- Dataset content -
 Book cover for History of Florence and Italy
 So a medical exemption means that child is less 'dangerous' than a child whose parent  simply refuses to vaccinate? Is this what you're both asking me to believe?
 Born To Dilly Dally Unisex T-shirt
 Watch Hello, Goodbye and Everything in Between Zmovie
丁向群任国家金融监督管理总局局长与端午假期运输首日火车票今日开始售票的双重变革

--

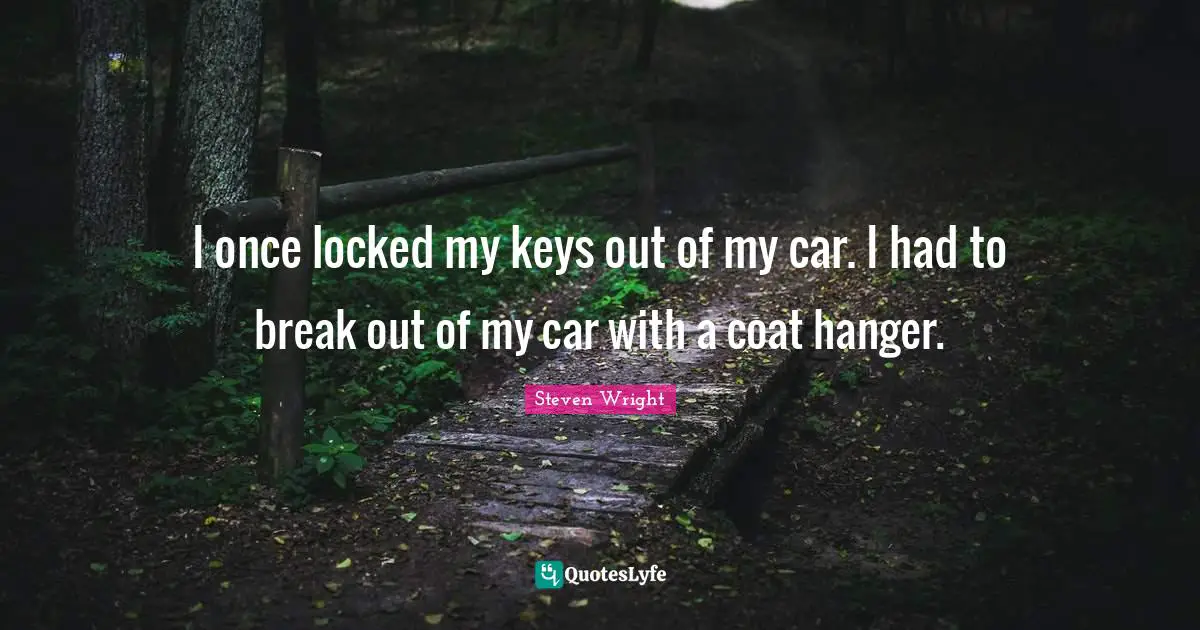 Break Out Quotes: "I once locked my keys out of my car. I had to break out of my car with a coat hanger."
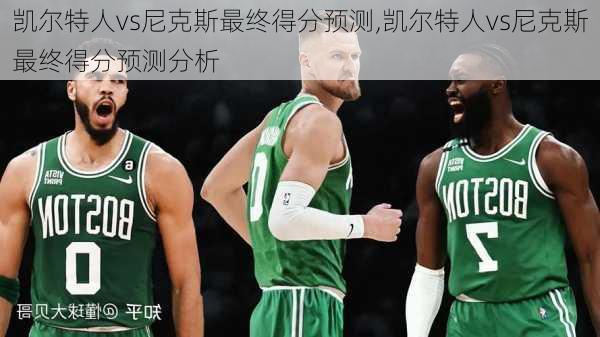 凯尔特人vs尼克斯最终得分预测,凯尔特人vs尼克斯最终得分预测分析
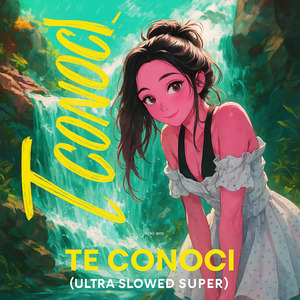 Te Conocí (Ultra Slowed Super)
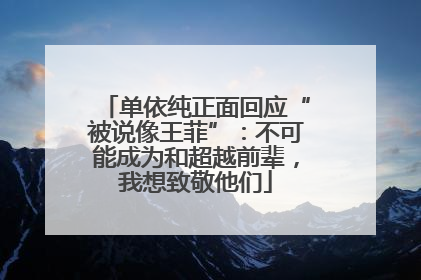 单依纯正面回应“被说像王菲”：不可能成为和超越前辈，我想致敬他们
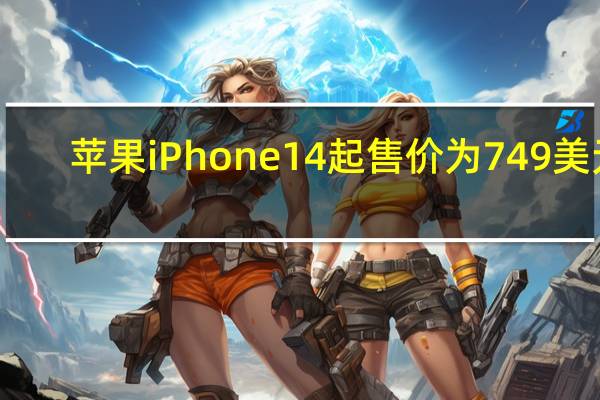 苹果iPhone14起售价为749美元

- Required action -
Would you copy out exactly the lines above that start at the one containing "Book cover for History of Florence and Italy" and end at the one containing "丁向群任国家金融监督管理总局局长与端午假期运输首日火车票今日开始售票的双重变革", inclusive?

- Answer box -
 Book cover for History of Florence and Italy
 So a medical exemption means that child is less 'dangerous' than a child whose parent  simply refuses to vaccinate? Is this what you're both asking me to believe?
 Born To Dilly Dally Unisex T-shirt
 Watch Hello, Goodbye and Everything in Between Zmovie
丁向群任国家金融监督管理总局局长与端午假期运输首日火车票今日开始售票的双重变革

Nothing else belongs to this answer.